How can the Memory chip design improve device and system-level reliability?

Memory chip

Technological advancement is improving at an astounding rate, given that systems now are capable enough to handle tough situations quickly. In addition to that, the designs of the systems prioritize reliability correctly. To ensure that, design engineers develop different ways to improve a system’s reliability to the core. Memory chip design tools, in particular, are very good at checking the hardware failure of any system. There are more ways through which we can improve the reliability of any system, which are as follows.

System-level reliability is an integral part of any memory chip. It determines how the data is stored, managed and then accessed by the device. In order to maintain their integrity, memory chips are tested under different conditions to ensure the desired performance level is being obtained.

The world of semiconductors is always changing. Designs of the memory chip are improving with consistency. These chips are being used in the latest smartphones, wearables in the healthcare sector, artificial intelligence and factory automation. A reliable and efficient memory chip plays a critical role in enabling the technology to work at its very best.

Importance of a Memory Chip

A memory chip is like the brain of an electronic device. It performs all the calculations and mathematical operations and stores the data. It is considered as the basic building block of the entire device. A memory chip is categorized on the basis of how the data is stored and how that data is accessed.
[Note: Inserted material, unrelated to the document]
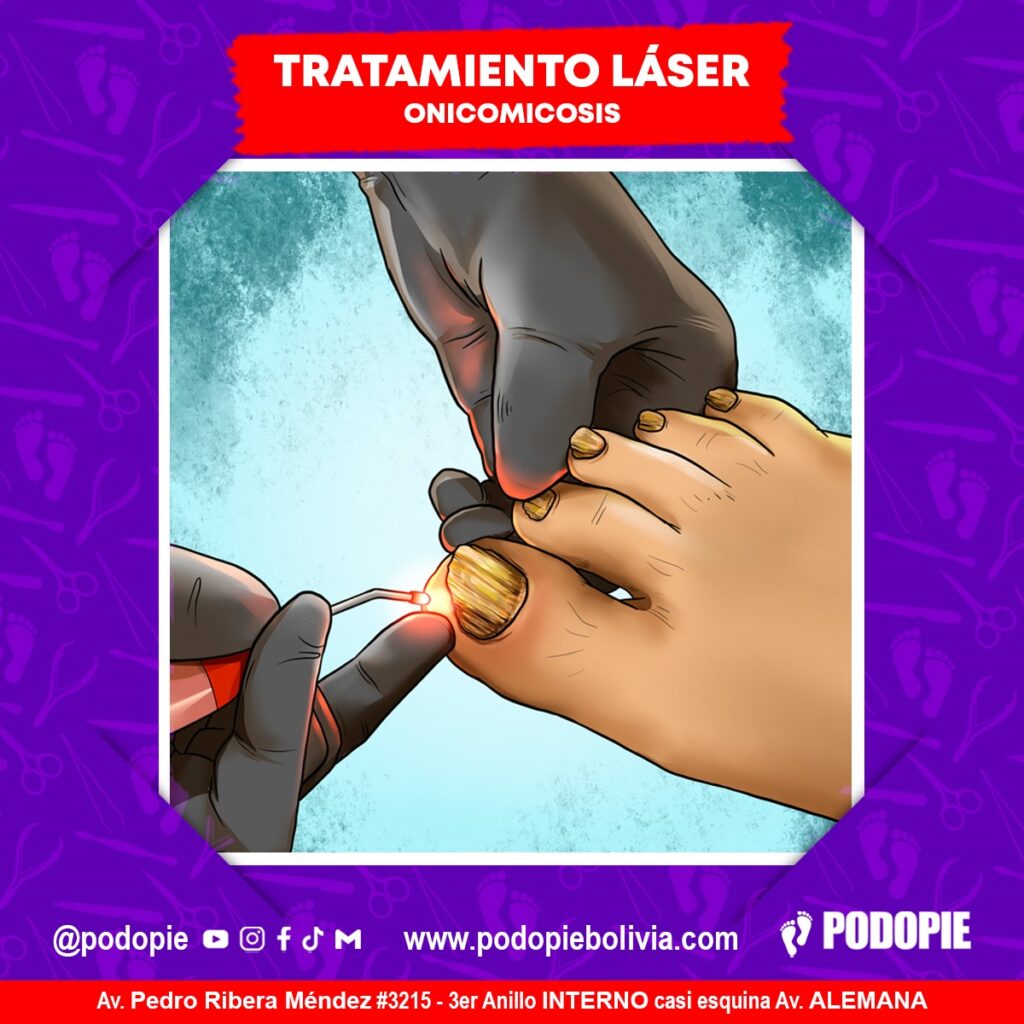 Atención Podopie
As far the functionality goes, there are two broad classes of memory: the main memory and the secondary one, which is used for data storage.

Memory chip design is important because it determines the speed at which the data is accessed and used. Any delay in the performance speed can lower the value of the device itself. This is perhaps one of the biggest setbacks for any device to be considered inefficient and slow.

The significance of a memory chip is evident from the fact that every year Intel introduces a new memory chip into their systems and charges hundreds of dollars for it. The key distinction between devices comes from the system-level performance of the chip.

Reducing Memory Errors

For enhancing the reliability of any system, the first order of business is to remove the memory-related errors that the system endures. For instance, some SRAM includes built-in testing features that detect faults and reduce field failures. Many microcontrollers comprise flash memory suppliers who support high reliability by increasing their lifetime at a higher temperature.

Some memory chips make use of the SEC-DED codes, which is an extended design method. This memory chip design proposes a double error correction technique minimizing the chance of error. Some of the common double-checking techniques that are used in memory chip design are: sparing techniques, erasure correction technique, mask error correction technique, and read-retry technique.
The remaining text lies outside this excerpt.